Closed this issue · 3 comments
Hello,
I was loking to the code and congrats! It looks good and it is what I was looking for. There are not many examples with AC-GANs.
There is one part I did not understand in total.
Normally when doing classification we have a softmax output with size equal to the number of classes (like here in the discrimator softmax out layer).
And with this we have to perform hot encoding to transform the label into a distribution of probabilities to be "compatible" with the softmax layer... like class 0 would be the vector [1,0,0,0,0,0,0,0,0,0] class 1 - [0,1,0,0,0,0,0,0,0,0] ...
On the train you give the class directly with out hot encoding in :
epoch_gen_loss.append(combined.train_on_batch(
[noise, sampled_labels.reshape((-1, 1))], [trick, sampled_labels]))
the var sampled_labels has the number of the class directly (with out hot encoding) but the model has 10 units for this variable :
aux = Dense(10, activation='softmax', name='auxiliary')(features)
return Model(input=image, output=[fake, aux])
The code works so, What I am I missing ?
Hot encoding is not necessary or is there but I did not see ?
thanks
If you look here you can see sparse_categorical_crossentropy
, which uses the integer rather than one-hot encoding.
Hello,
Thanks a lot.
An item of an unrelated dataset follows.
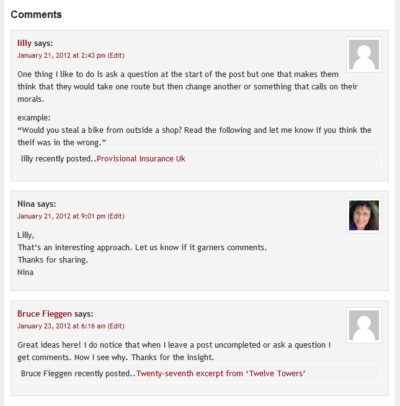 Reply to the comments on your blogged book.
I did not notice that detail (never use the "sparse" version :-) )
just one other thing to confirm:
When creating the input for the generator, the label is used to "give color to noise" so it can guide the "latent" to the creation of the right class, correct ? this is done multiplying the random noise with the label, right ?
with this code :
# this is the z space commonly refered to in GAN papers
latent = Input(shape=(latent_size, ))
# this will be our label
image_class = Input(shape=(1,), dtype='int32')
# 10 classes in MNIST
cls = Flatten()(Embedding(10, latent_size,
init='glorot_normal')(image_class))
# hadamard product between z-space and a class conditional embedding
h = merge([latent, cls], mode='mul') ## <-- HERE
fake_image = cnn(h)
return Model(input=[latent, image_class], output=fake_image)
That is correct, yes. This isn't canonical (if i'm not mistaken, the original paper just adds a one-hot vector to the latent space) but I found this to be more intuitive & to work a bit better.